A me interessa relativamente la stampa di settore, la critica, ect. e mi sta un gran bene che oggi non ci sia più il piedistallo sui cui poggiare l'opinione autorevole. Oggi abbiamo diverse voci a cui si da più o meno credito e che nel tempo si costruiscono o meno una credibilità. Non importa che sia un giornalista, un grande esperto o un giocatore qualunque, abbiamo visto tante volte quanto questo conti fino ad un certo punto.
Mi rivolgo a opinioni altrui per un motivo: informazione. Informazione che voglio più chiara e onesta possibile. Un servizio per il consumatore e non per il produttore (ma può esserlo). Non deve vendere. Questa informazione ha due fini che a seconda dei casi mi interessano: rendermi conto se l'articolo mi può interessare e conoscenza.

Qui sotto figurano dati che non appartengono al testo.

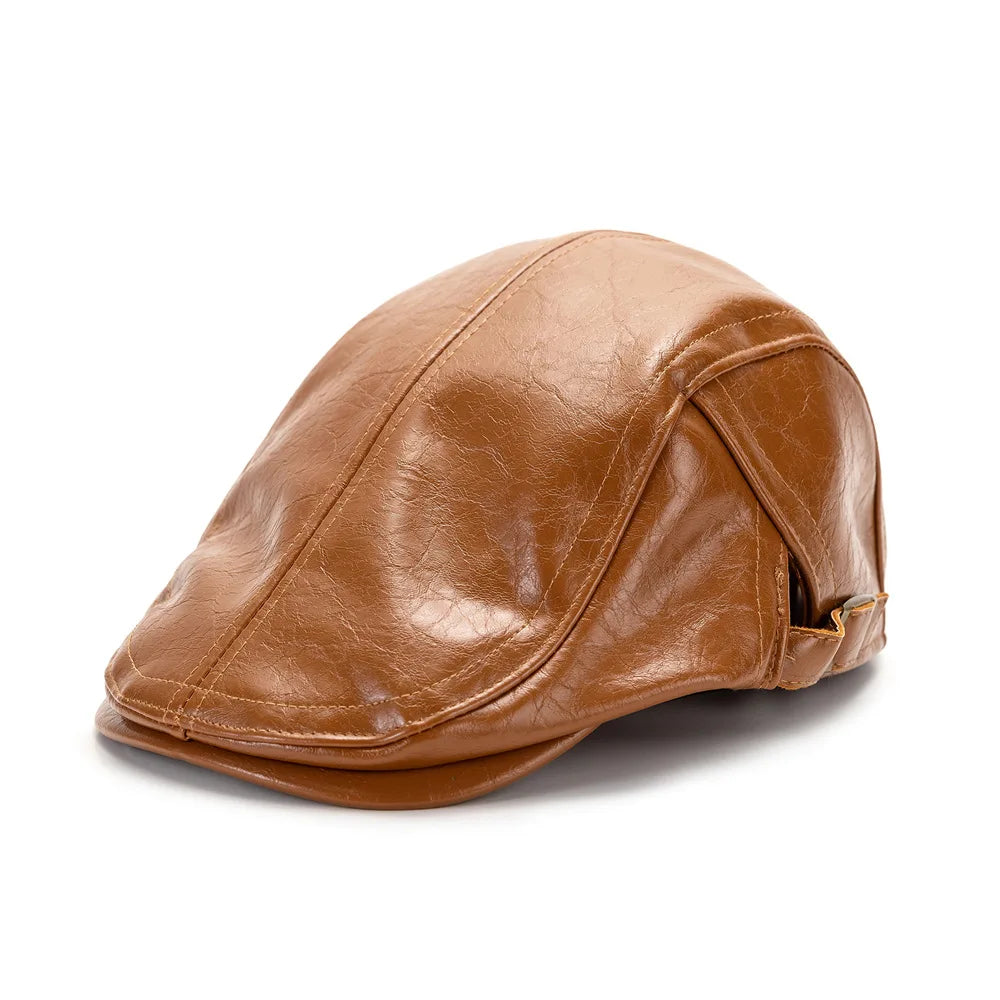 Sterling Forward Adjustable PU Leather Newsboy Cap™ Paneled Crown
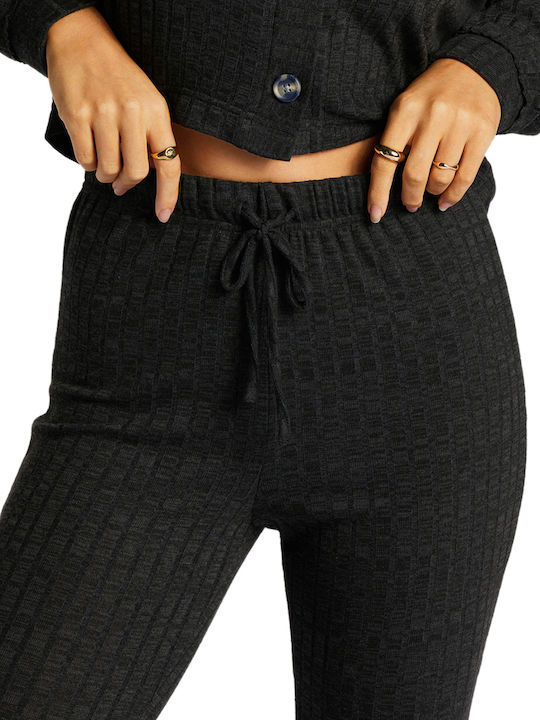 So Easy Women's Fabric Trousers Flared Black (BSD/BLACK SANDS)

Per la prima parliamo di un'analisi degli aspetti del gioco che mi servono per decidere se voglio o meno acquistare il titolo, quindi è fondamentale che sia obiettiva e che tocchi tutti gli aspetti necessari. Non che sorvoli su alcuni di essi per ragioni che esulano dal gioco in se. Mi sta bene anche l'opinione personale, ma chi è onesto rende chiaro quando si tratta di quest'ultima. Non deve divulgare un'opinione, deve dare elementi per formarla autonomamente. Deve essere criticabile e fonte di discussione, non qualcosa di inattaccabile. Oggi questa funzione viene svolta sia dalla stampa di settore che dagli youtuber. E come la prima anche i secondi sono più o meno efficaci nel svolgere tale funzione. Essendo uno strumento nuovo ognuno si è ricavato un format che più o meno si adatta a tale esigenza. Sono poi io a scegliere dove prendere l'informazione e quanto fidarmi della stessa.
Che poi questo dia o meno da vivere a chi produce tali informazioni non mi riguarda, può anche benissimo essere che non ci sia sempre mercato per tale servizio.
Dove invece l'informazione è continua e giornaliera (spesso copiata/tradotta da altre testate, senza iniziativa) svolge la funzione di cronaca. Serve, ma fino ad un certo punto. E molte volte è esasperata dal dover raggiungere un certo numero di visite/click e perde la sua vera funzione.

L'altro aspetto, quello di conoscenza, è quello che storicamente non è mai stato considerato come fonte di guadagno. Un lavoro di passione. È quello che si occupa di produrre materiale che non per forza necessita di tempistiche di uscita e che è ha un valore nel tempo. Articoli e approfondimenti che a non devono indurre ad un acquisto e servono a diffondere informazioni che a distanza di anni posso andare a ricercare e trovare utili. Sono un prodotto in un certo senso.